╭─ Dataset entries
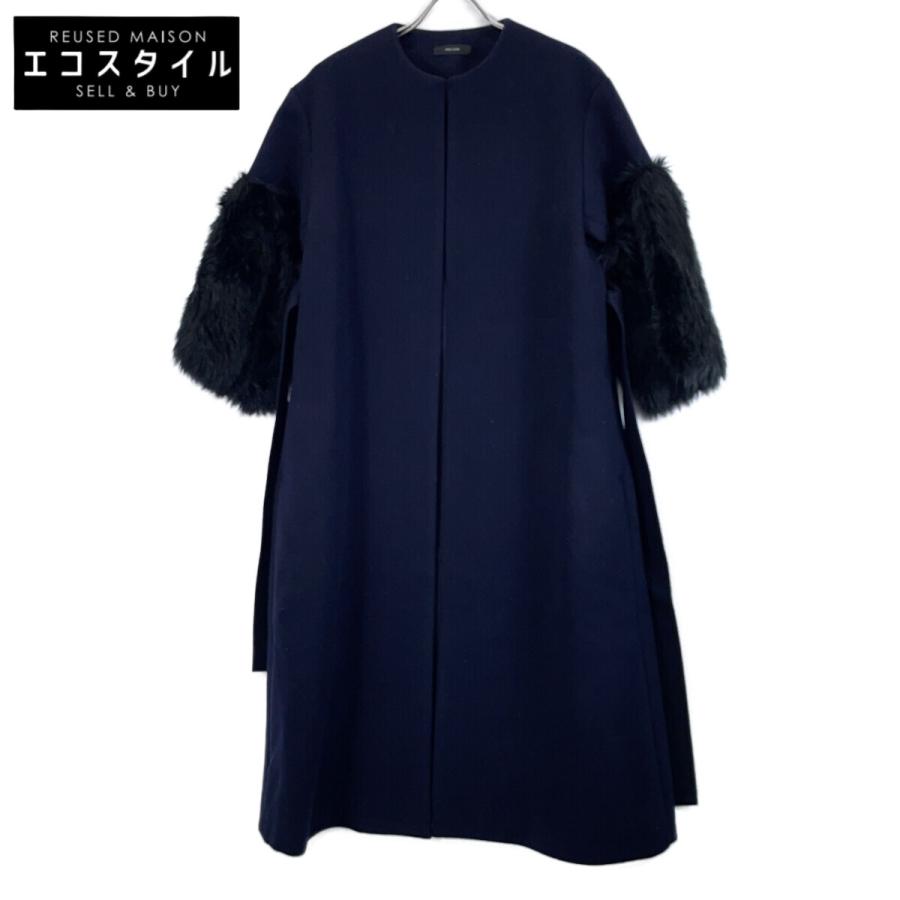 YOKOCHAN ヨーコチャン ネイビー YCC-621-160 ファー ウール コート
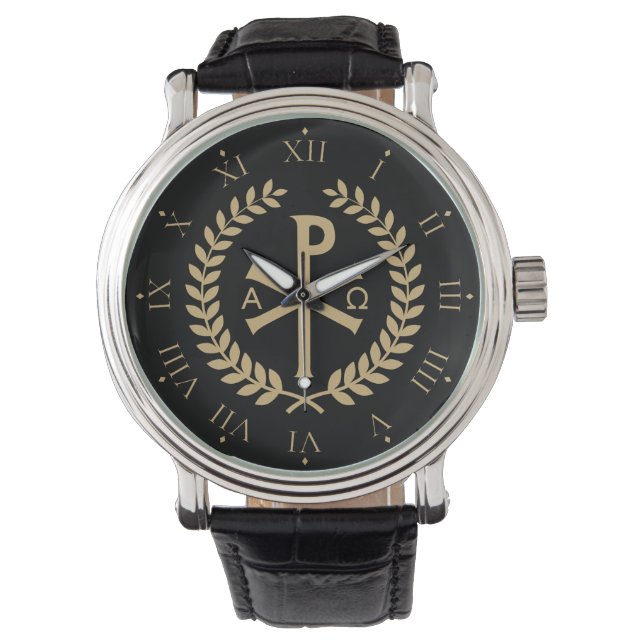 Labarum - Chi Rho - Roman Imperial Standard Horloge (Voorkant)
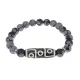 Браслет с 9-глазой бусиной Дзи и нат.камнем Снежный обсидиан BSDS8-15-14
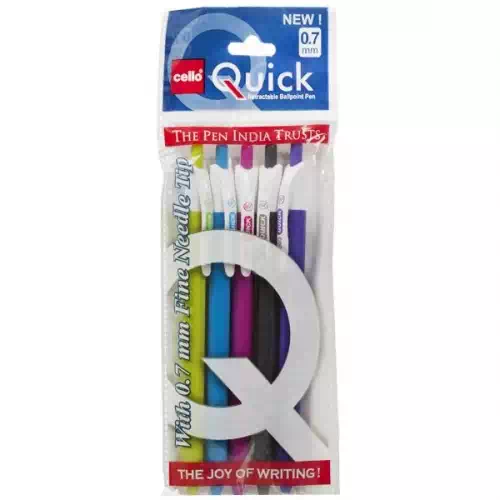 CELLO QUICK BALLPOINT PEN BLUE PACK OF 5 5 Nos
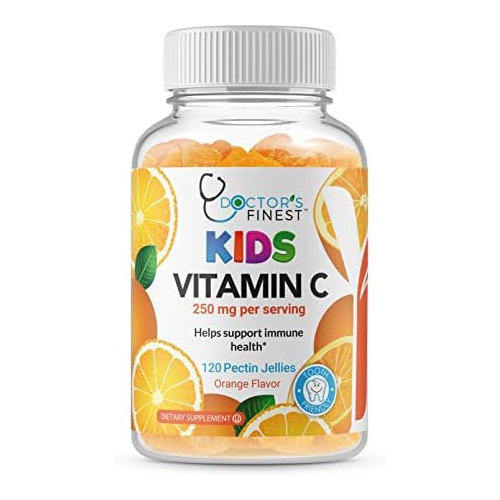  DOCTORS FINEST Vitamin C Gummies for Kids - Vegan, GMO Free & Gluten Free - Great Tasting Orange Flavor Pectin Chews - Kids Dietary Supplement - 250 mg of Vitamin C - 120 Jellies [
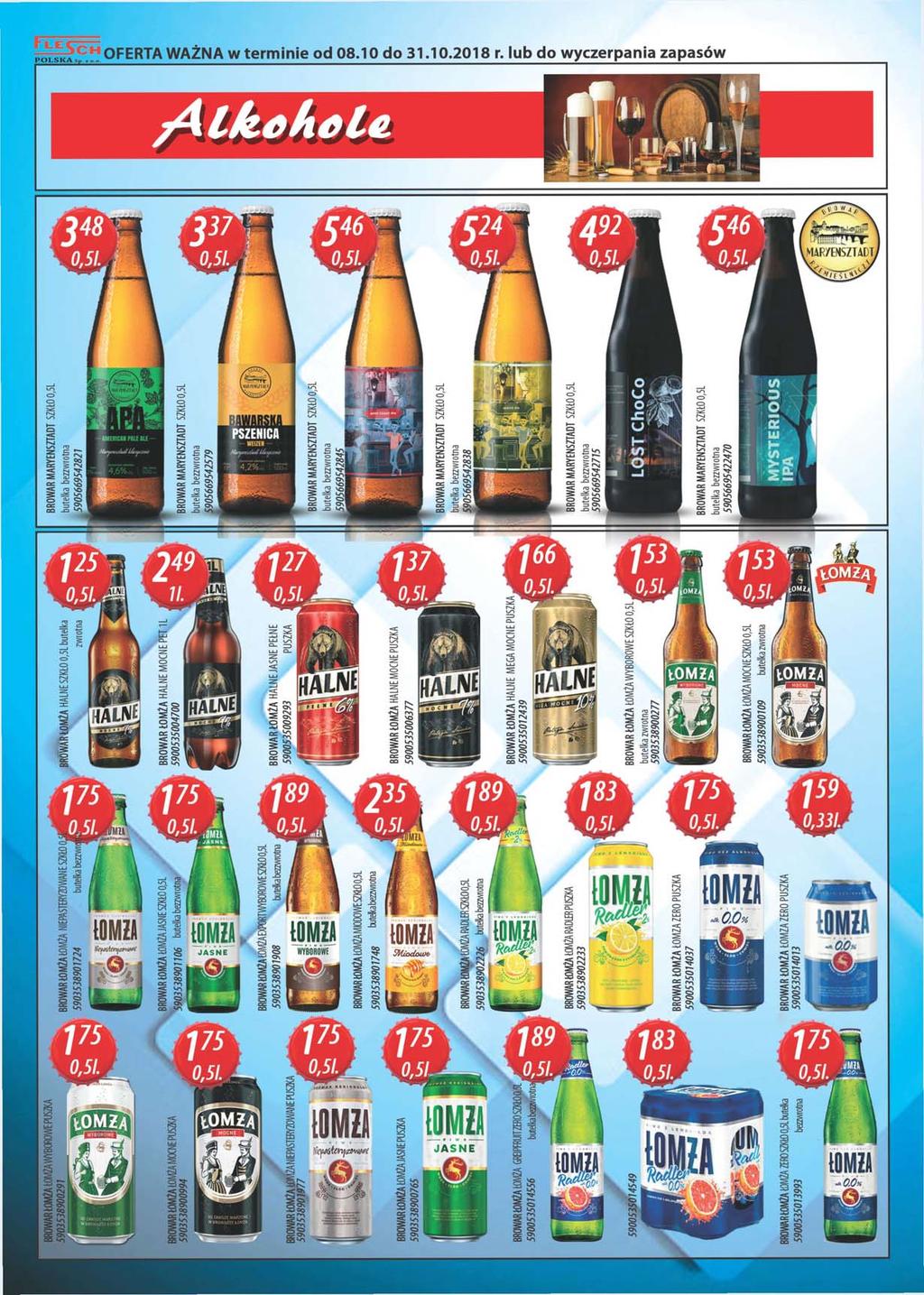 OFERTA WAŻNA w terminie od 08.10 do 31.10.2018 r.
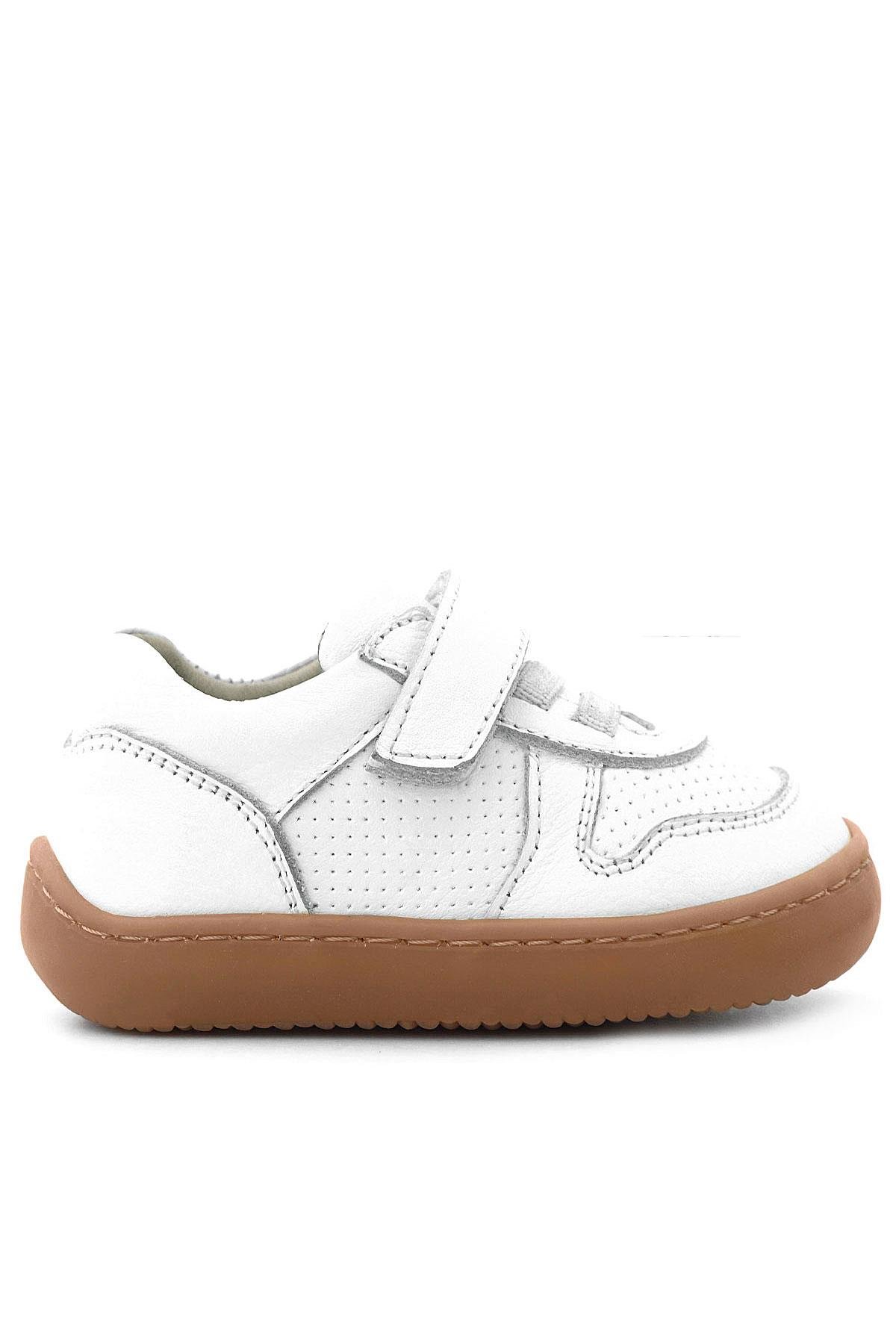 Rakerplus Bob Hakiki Deri Beyaz Barefoot Cırtlı Lastikli Bebek Sneaker Ayakkabı R840-BE.25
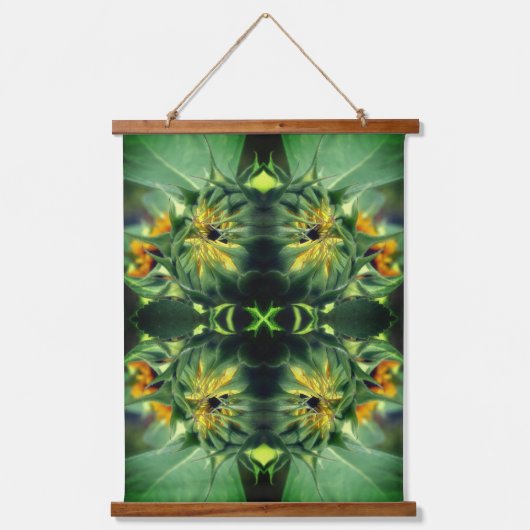 ひまわり展開抽象芸術 吊り下げ型タペストリー (正面)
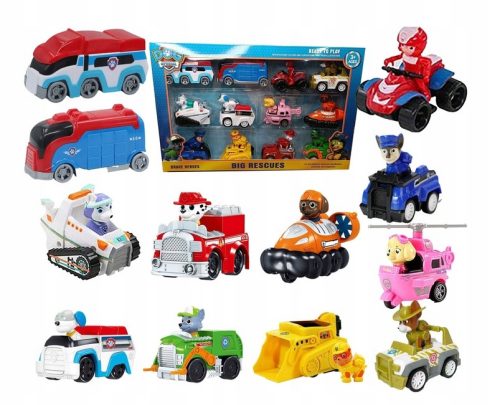  PAW PATROL-SET MIT 12 ANGETRIEBENEN AUTOS, RYDER-FIGUREN, VERFOLGUNGSAUTOS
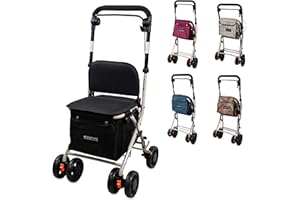 Mobiclinic®, Deambulatore pieghevole per anziani, Carrello spesa, 21 l, Modello coliseo, Marchio europeo, Con borsa della e freni, Sedile imbottito, Monoleva, Acciaio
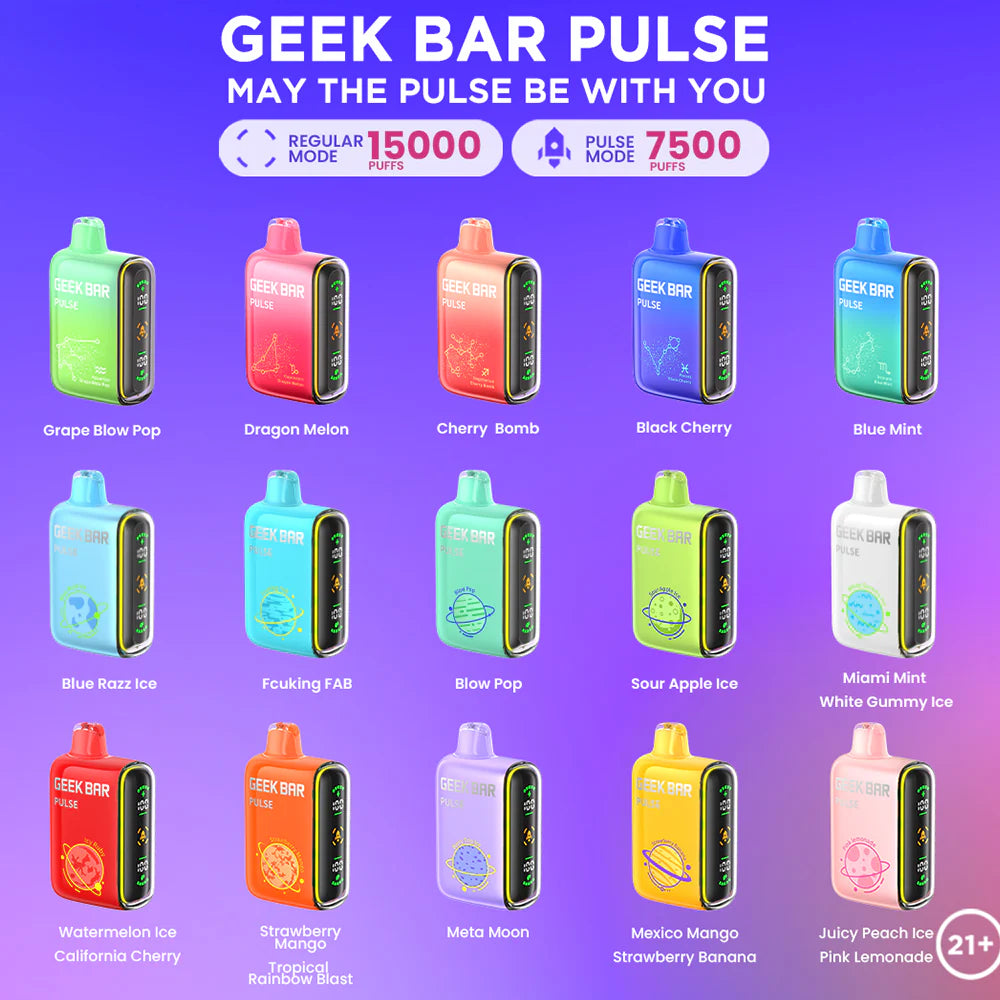 50% GEEK BAR Pulse 15000 Puffs Disposable - 50MG/ML Nicotine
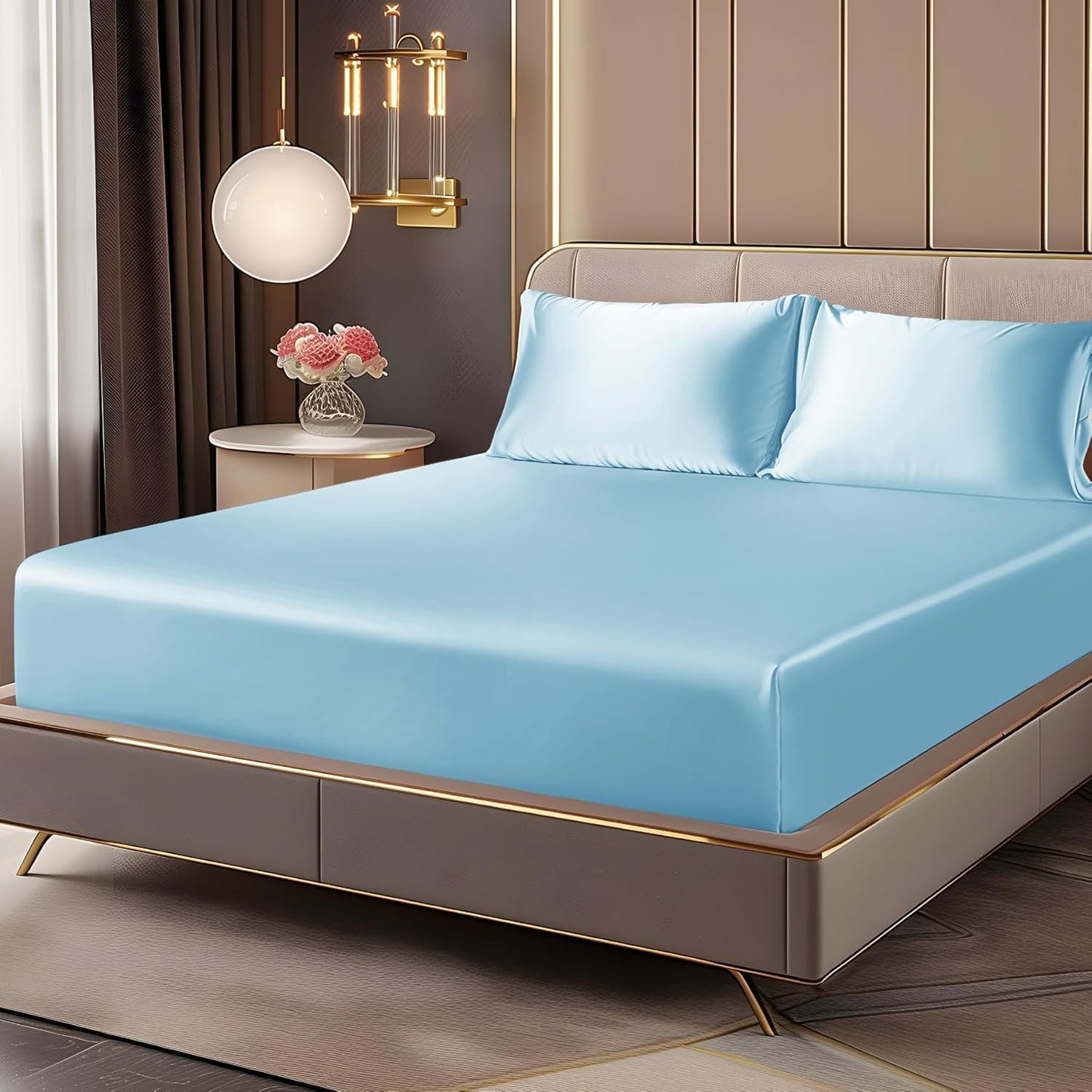 Luxury Satin Fitted Bedsheet – King Size | San Marino Living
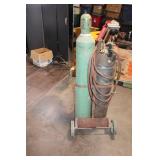 Oxygen and Acetylene Welding Tank Set with Regulators and Cart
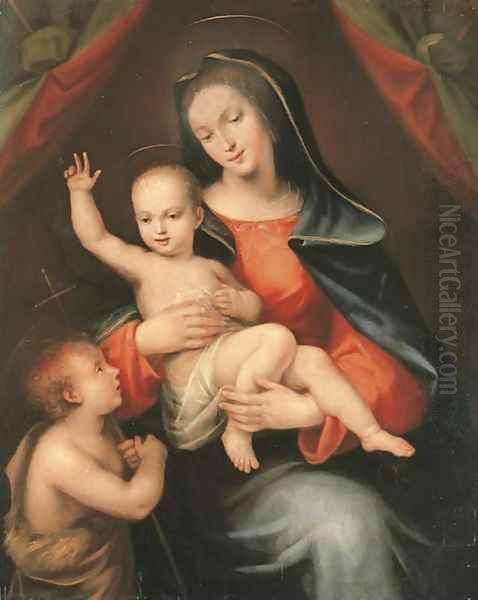 The Madonna and Child with the Infant Saint John the Baptist Oil Painting by Mariotto Albertinelli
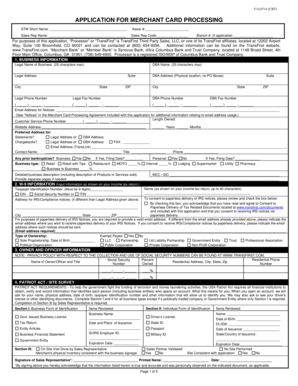 Application for Merchant Card Processing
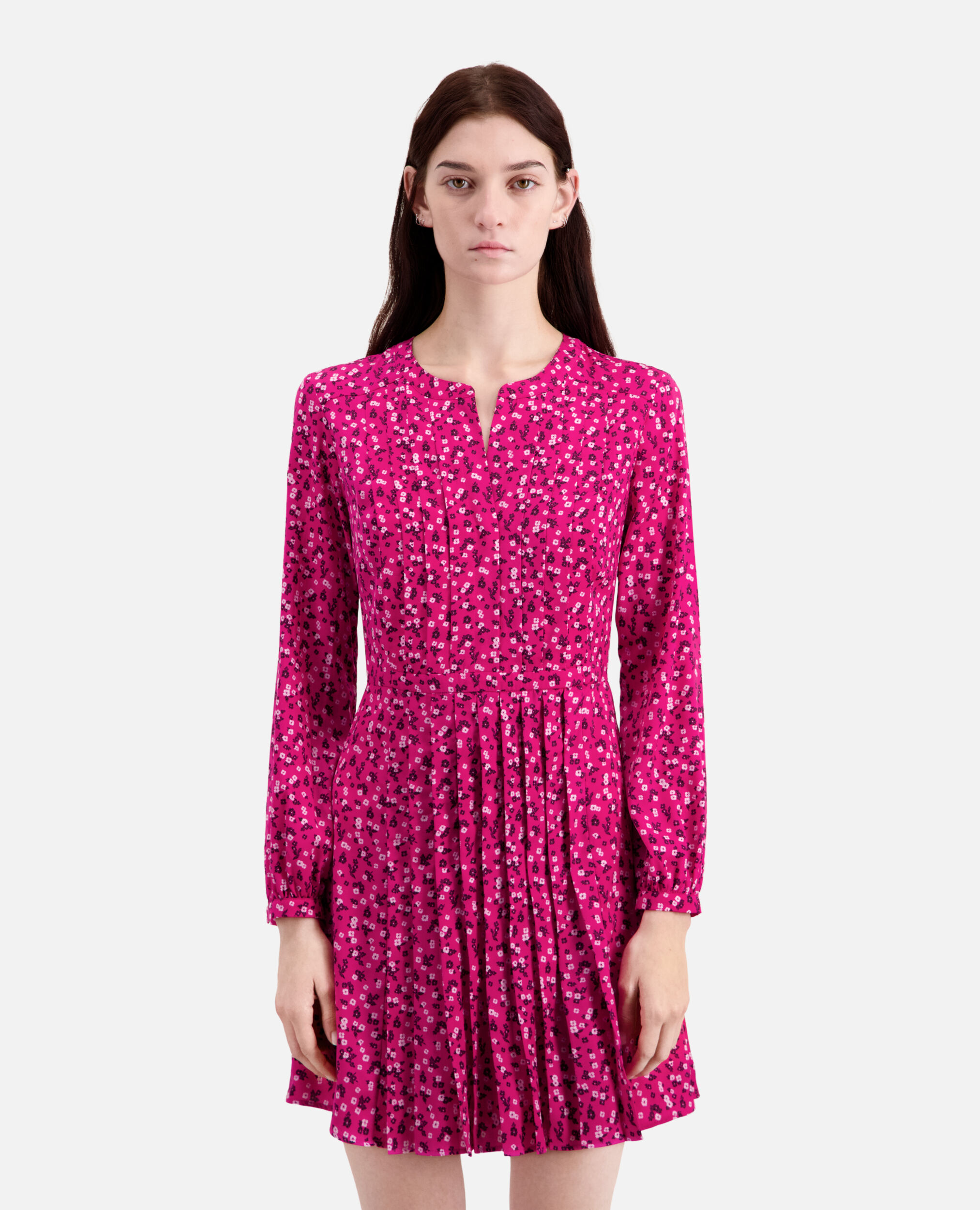 Short printed dress with pleating, PINK BLACK, hi-res image number null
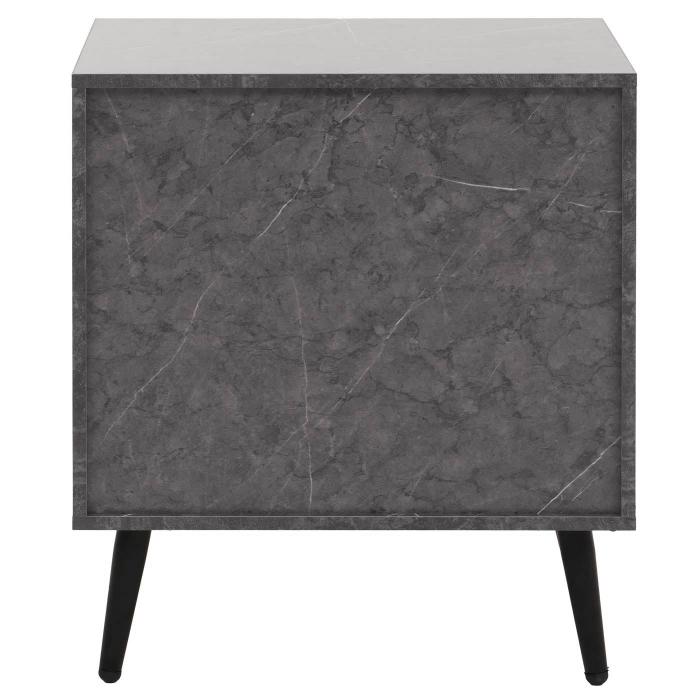 Nachttisch HWC-N89, Kommode Beistelltisch Nachtschrank, 3D-Design Schublade Melamin Holz, 55x48x41cm ~ Marmor-Optik grau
╰─
Work order: Copy the material verbatim. The pictures are not part of the copy.

Answer to this exercise:
 YOKOCHAN ヨーコチャン ネイビー YCC-621-160 ファー ウール コート
 Labarum - Chi Rho - Roman Imperial Standard Horloge (Voorkant)
 Браслет с 9-глазой бусиной Дзи и нат.камнем Снежный обсидиан BSDS8-15-14
 CELLO QUICK BALLPOINT PEN BLUE PACK OF 5 5 Nos
  DOCTORS FINEST Vitamin C Gummies for Kids - Vegan, GMO Free & Gluten Free - Great Tasting Orange Flavor Pectin Chews - Kids Dietary Supplement - 250 mg of Vitamin C - 120 Jellies [
 OFERTA WAŻNA w terminie od 08.10 do 31.10.2018 r.
 Rakerplus Bob Hakiki Deri Beyaz Barefoot Cırtlı Lastikli Bebek Sneaker Ayakkabı R840-BE.25
 ひまわり展開抽象芸術 吊り下げ型タペストリー (正面)
  PAW PATROL-SET MIT 12 ANGETRIEBENEN AUTOS, RYDER-FIGUREN, VERFOLGUNGSAUTOS
 Mobiclinic®, Deambulatore pieghevole per anziani, Carrello spesa, 21 l, Modello coliseo, Marchio europeo, Con borsa della e freni, Sedile imbottito, Monoleva, Acciaio
 50% GEEK BAR Pulse 15000 Puffs Disposable - 50MG/ML Nicotine
 Luxury Satin Fitted Bedsheet – King Size | San Marino Living
 Oxygen and Acetylene Welding Tank Set with Regulators and Cart
 The Madonna and Child with the Infant Saint John the Baptist Oil Painting by Mariotto Albertinelli
 Application for Merchant Card Processing
 Short printed dress with pleating, PINK BLACK, hi-res image number null
 Nachttisch HWC-N89, Kommode Beistelltisch Nachtschrank, 3D-Design Schublade Melamin Holz, 55x48x41cm ~ Marmor-Optik grau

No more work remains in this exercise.